*Task to carry out*. Restate word for word, and only, the lines that extend from the line containing "왕박시4XL 국산 오버핏 빅사이즈 무지 긴팔 맨투맨 롱 원피스 왕박시4XL" through the end of the records below.

------ Recorded information

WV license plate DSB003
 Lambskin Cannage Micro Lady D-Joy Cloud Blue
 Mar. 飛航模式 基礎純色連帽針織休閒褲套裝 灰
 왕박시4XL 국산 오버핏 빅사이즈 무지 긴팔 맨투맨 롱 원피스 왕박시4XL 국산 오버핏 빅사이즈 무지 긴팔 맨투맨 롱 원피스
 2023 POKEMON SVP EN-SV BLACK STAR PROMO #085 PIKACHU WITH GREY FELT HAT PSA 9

------------

*Your response*.
 왕박시4XL 국산 오버핏 빅사이즈 무지 긴팔 맨투맨 롱 원피스 왕박시4XL 국산 오버핏 빅사이즈 무지 긴팔 맨투맨 롱 원피스
 2023 POKEMON SVP EN-SV BLACK STAR PROMO #085 PIKACHU WITH GREY FELT HAT PSA 9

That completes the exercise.